§ Data for review:
-------------------------

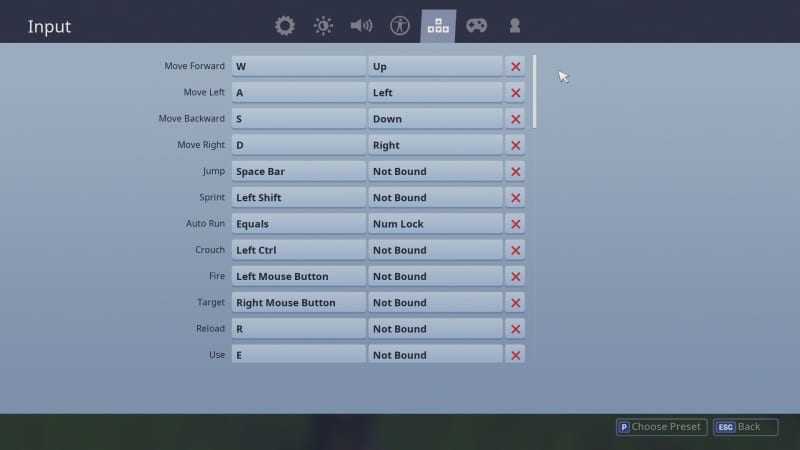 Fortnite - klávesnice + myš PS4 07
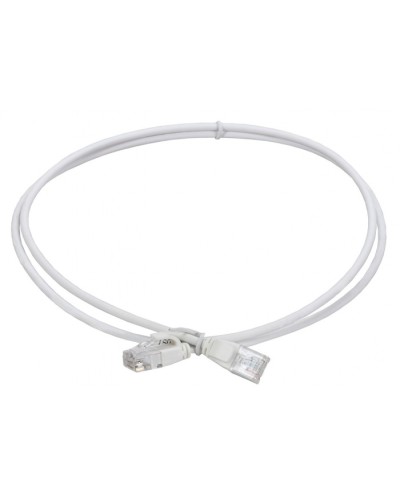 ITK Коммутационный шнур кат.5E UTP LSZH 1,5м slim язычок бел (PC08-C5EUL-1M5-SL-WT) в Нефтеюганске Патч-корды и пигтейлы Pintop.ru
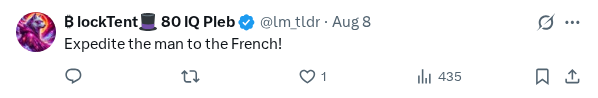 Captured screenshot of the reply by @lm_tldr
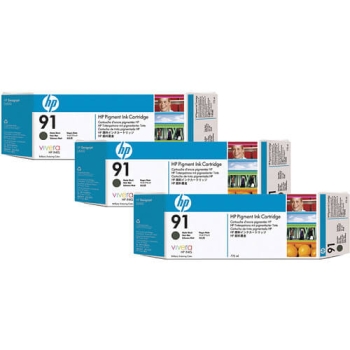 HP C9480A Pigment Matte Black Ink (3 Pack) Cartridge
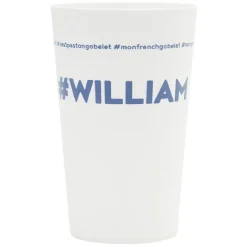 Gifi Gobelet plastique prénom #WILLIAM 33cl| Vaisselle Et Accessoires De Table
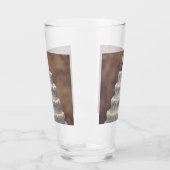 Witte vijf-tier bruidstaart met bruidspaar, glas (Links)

-------------------------

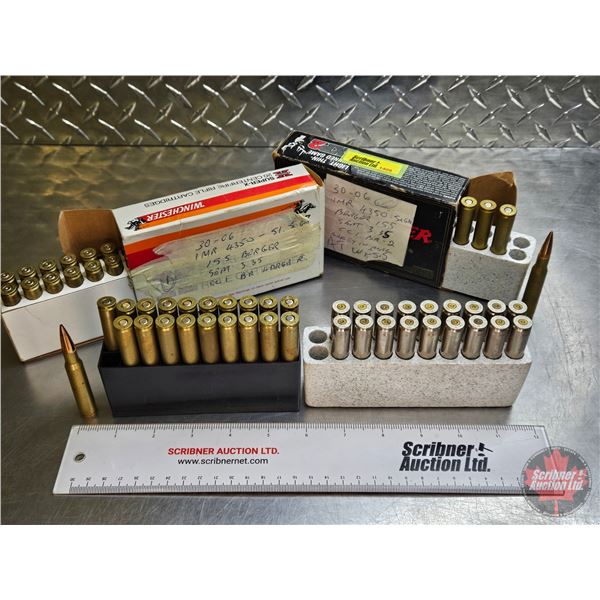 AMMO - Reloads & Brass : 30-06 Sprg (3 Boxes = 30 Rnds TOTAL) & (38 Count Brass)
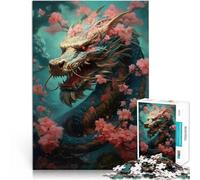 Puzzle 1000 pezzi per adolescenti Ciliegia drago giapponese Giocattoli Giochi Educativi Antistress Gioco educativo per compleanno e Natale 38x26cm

-------------------------

§ What to produce:
In the listing above, find the line with "Gifi Gobelet plastique" and the line with "Witte vijf-tier bruidstaart". Transcribe those two and everything between, exactly, leaving out pictures.

§ Written solution:
 Gifi Gobelet plastique prénom #WILLIAM 33cl| Vaisselle Et Accessoires De Table
 Witte vijf-tier bruidstaart met bruidspaar, glas (Links)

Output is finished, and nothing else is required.